Die Reichweitenmessung "Public Screens 2014", die die GfK im Auftrag des Interessenverbands Digital Media ­Institute (DMI) durchgeführt hat, bringt zumindest alle DOOH-Anbieter unter einen Hut. Über 377 Millionen Bruttokontakte in einer Woche erzielen demnach die über 110.000 Screens in der deutschen Bevölkerung ab 14 Jahre. Das entspricht einer Reichweite von 49,8 Prozent: Die Studie weist für jeden Touchpoint demografische Nutzungsstrukturen aus.

Ströer bietet ­zudem durch Fusion der durch die GfK ­erhobenen Werbeträgerkontakte mit dem GfK Media Efficiency Panel medienübergreifende Reichweitendaten für TV, Online und Digital-Out-of-Home an. Demnach kann zusätzlicher Werbedruck über DOOH die kumulierte Reichweite einer Kampagne um weitere 3 bis 5 Prozent steigern. Dass das nicht nur graue Theorie ist, hat die Agentur Mediacom in einer Casestudy für den Bierbrauer Veltins belegt. Die Möglichkeiten, die DOOH für die multimediale Planung bietet, bestehen deshalb laut Blum weniger in einer Zielgruppenselektion: "Die eigentlichen Chancen liegen doch darin, effiziente Kontakte dann zu generieren, wenn die richtige Botschaft im richtigen Zusammenhang und Nutzungsmoment auf dem richtigen Screen erscheint."

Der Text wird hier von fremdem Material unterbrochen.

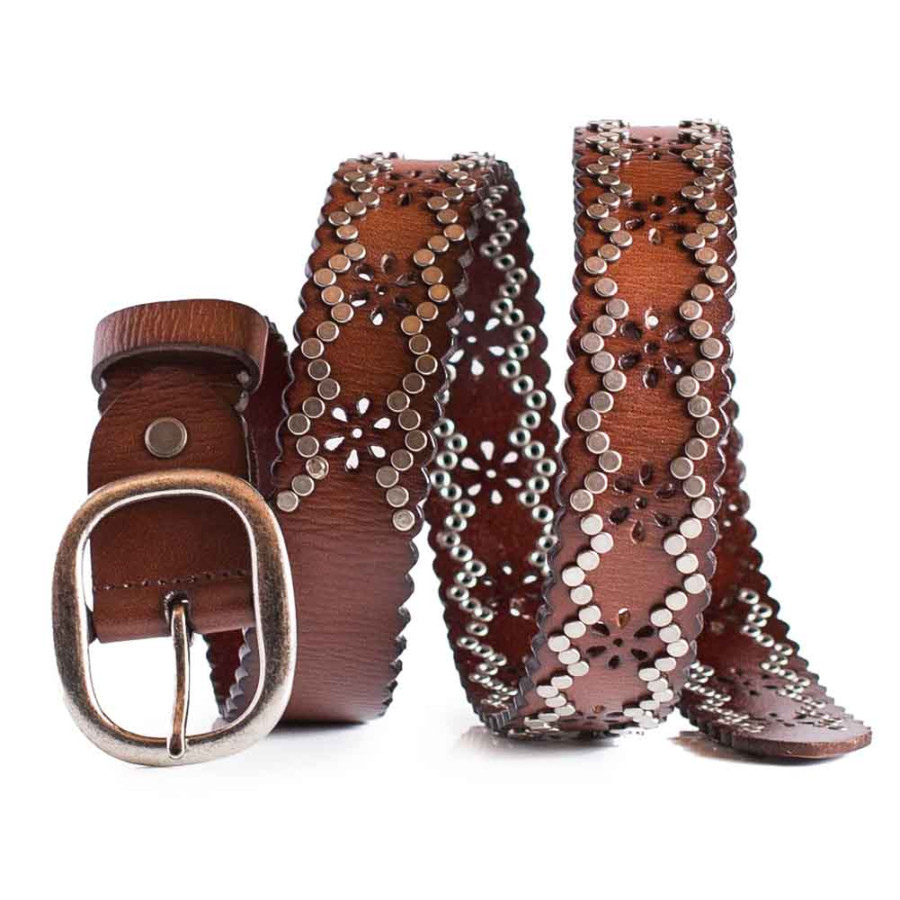 Vintage Studded Belt ZigZag Studs Real Leather | Women's Studded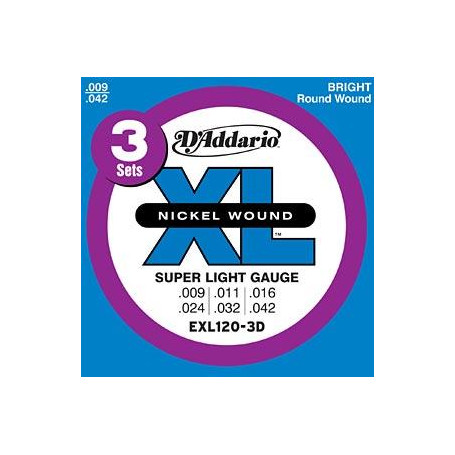 D`ADDARIO EXL120-3D XL SUPER LIGHT (09-42) - 3 SET Струны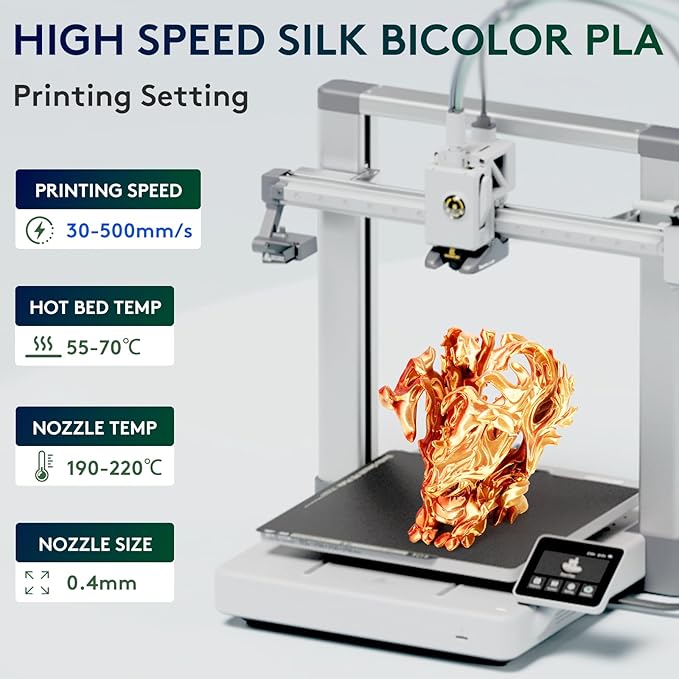 ERYONE Silk Dual Color PLA Filament 3D Printer 1.75mm +/- 0.03mm, Bicolor Filament Two Tone PLA 1KG(2.2lbs) Cardboard Spool, Gold Copper - Image 2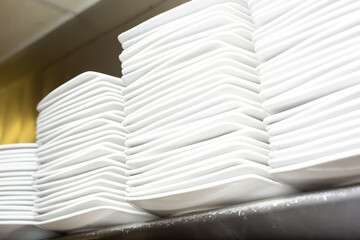 A view of stacks of plates on a shelf, in a restaurant kitchen setting.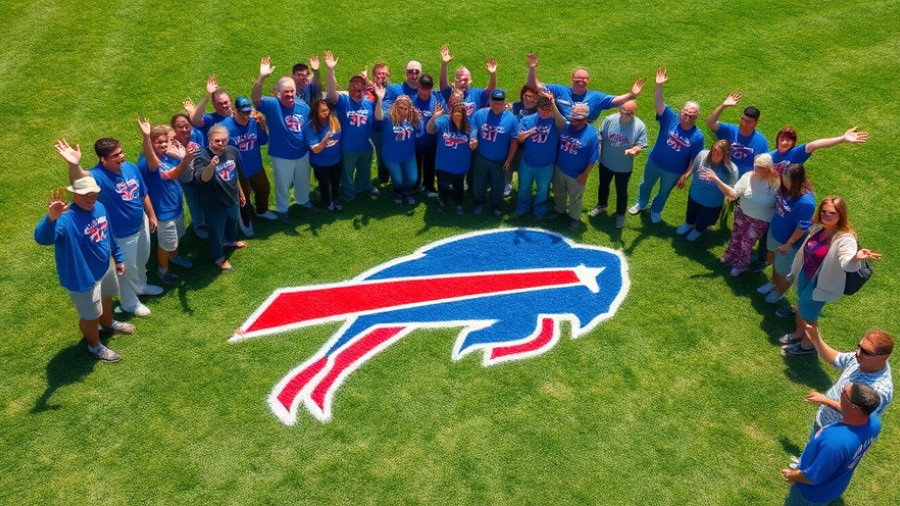 Sports team lawn logos gathering with Buffalo Bills logo on grass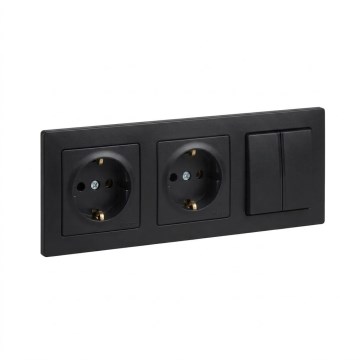 Legrand - Doppelte SCHUKO‑Haushaltssteckdose und doppelter Serienschalter Nr. 5 mit Rahmen SUNO 250V schwarz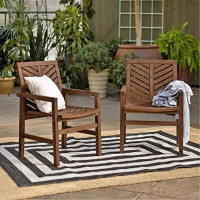 2 Piece Outdoor Patio Chevron Wood Chair Set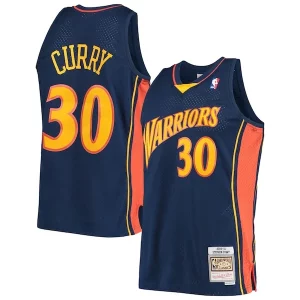 Stephen Curry Golden Notable State Warriors Hardwood Classics Swingman Jersey Navy/White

Das heißt: TV im Lean-back-Modus auf der Couch, Online in der Mittagspause vor dem Bürorechner, DOOH auf dem Heimweg an der Bahnstation. DMI-­Geschäftsführer Frank Goldberg streicht einen weiteren Vorzug heraus: "Dort, wo ich mit meinem Smartphone Out-of-Home surfe - in der U-Bahn, am Flughafen, in Bus oder Bahn, am Point-of-Sale - ist ziemlich sicher auch ein Public Screen in der ­Nähe. Daher sind beide Medien perfekt geeignet, Bewegtbildkampagnen dahin zu bringen, wo Fernsehen nie zuvor war: In den ­öffentlichen Raum, 24 Stunden am Tag."

Die Menschen, die DOOH und Mobile erreichen, lassen TV nach Goldbergs Ansicht ziemlich blass aussehen: "Mobile, urbane, junge, kaufkräftige Zielgruppen mit wenig TV-Konsum versus einkommensschwache, ländliche, ältere Zielgruppen mit viel TV-Konsum." Das klingt überspitzt – zumindest das Programm so mancher Sender scheint Goldberg aber recht zu geben.